24/05/2026
🔴 COSENZA VECCHIA: DOPO LA FESTA RESTANO IL DEGRADO E IL RAMMARICO.
IL PARROCO: «FERITI NEL SENSO CIVICO E NELLA SACRALITÀ»
All’indomani dell’evento "Cosenza Vecchia Slam vol. 8" in Piazza Tommaso Ortale, il cuore storico della nostra città, il Parroco Francesco Bilotto, all'arrivo in chiesa, per le celebrazioni delle messe domenicali, si ritrova davanti ad immagini di un degrado ormai fin troppo familiare. 🏚️🍂
Gli li spazi adiacenti di proprietà della chiesa: il sagrato, le aule e la terrazza, lasciati in condizioni di sporcizia e con la presenza di atti vandalici. 🚮⚠️
⛪ LA CHIESA COSTRUISCE PONTI, NON MURI
La comunità parrocchiale e il Parroco esprimono un profondo rammarico, soprattutto perché non si tratta di un episodio isolato.

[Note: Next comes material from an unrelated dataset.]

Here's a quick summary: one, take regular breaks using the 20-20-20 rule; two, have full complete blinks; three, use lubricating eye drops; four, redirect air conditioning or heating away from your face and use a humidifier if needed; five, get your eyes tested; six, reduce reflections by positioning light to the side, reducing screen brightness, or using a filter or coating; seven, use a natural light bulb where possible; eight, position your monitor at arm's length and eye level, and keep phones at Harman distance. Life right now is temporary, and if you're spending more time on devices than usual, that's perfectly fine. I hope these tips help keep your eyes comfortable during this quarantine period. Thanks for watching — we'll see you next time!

Ogni volta che la piazza viene utilizzata per manifestazioni o festività civili, si registra puntualmente lo stesso scenario di inciviltà.

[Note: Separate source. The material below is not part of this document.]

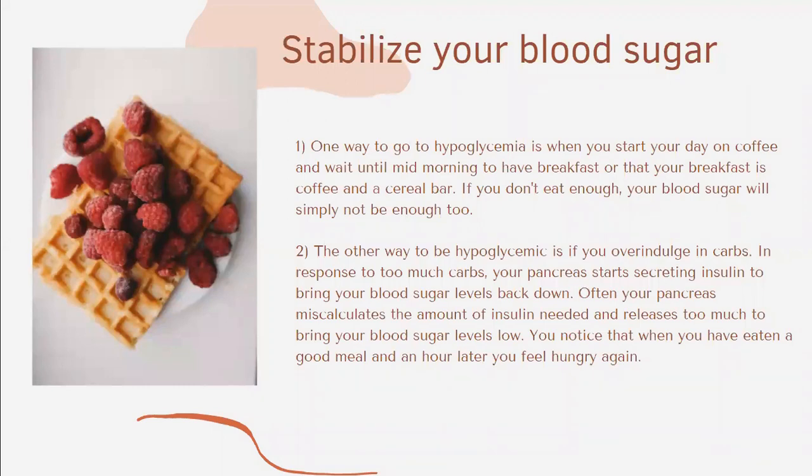Let's talk about stabilizing our blood sugar. We talk a lot about hyperglycemia — high blood sugar — which is a very important condition. But very often we don't talk enough about hypoglycemia, low blood sugar, which is also a condition that can have drastic effects on our health.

La parrocchia SCEGLIE, comunque deliberatamente di:
🚪 Lasciare aperti i propri spazi come segno di accoglienza e condivisione.
🤝 Fare rete con il quartiere, fedele al principio che “la Chiesa è costruttrice di ponti, non di muri”.

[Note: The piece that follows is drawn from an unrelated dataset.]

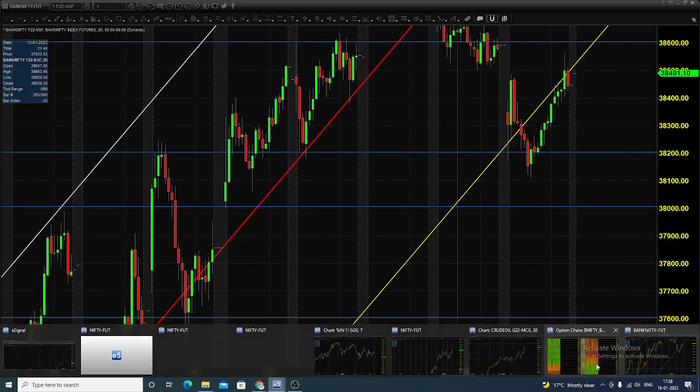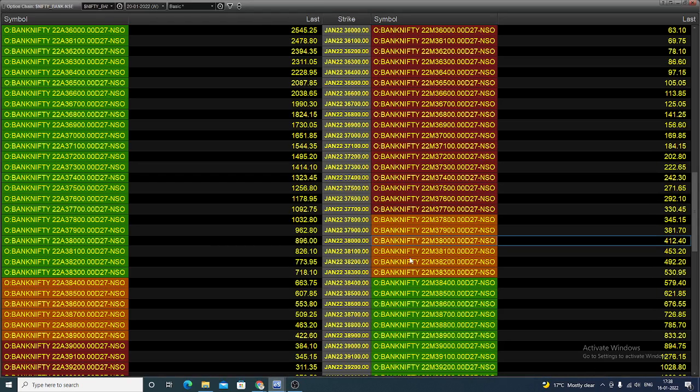How we can do this in the options market? The options chain you are seeing is for the current monthly expiring contract. In this, you can buy the 38,000 put option with a 150-point stop, expecting the value to increase once the underlying asset decreases.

🛑 MANCANZA DI RISPETTO E SENSO CIVICO
Questa mano tesa, purtroppo, è stata ancora una volta ripagata con una totale mancanza di sensibilità.
Un uso improprio che ferisce due volte:
1️⃣ Calpesta le più elementari regole del senso civico e della convivenza.
2️⃣ Offende il rispetto dovuto a un luogo sacro e di comunità.
👇 Il NOSTRO APPELLO
È un grido d'allarme e un richiamo alla responsabilità collettiva.
Il divertimento, la socialità e l'animazione del centro storico non possono e non devono mai prescindere dal rispetto per i luoghi e per chi, quegli stessi spazi, li custodisce quotidianamente con cura.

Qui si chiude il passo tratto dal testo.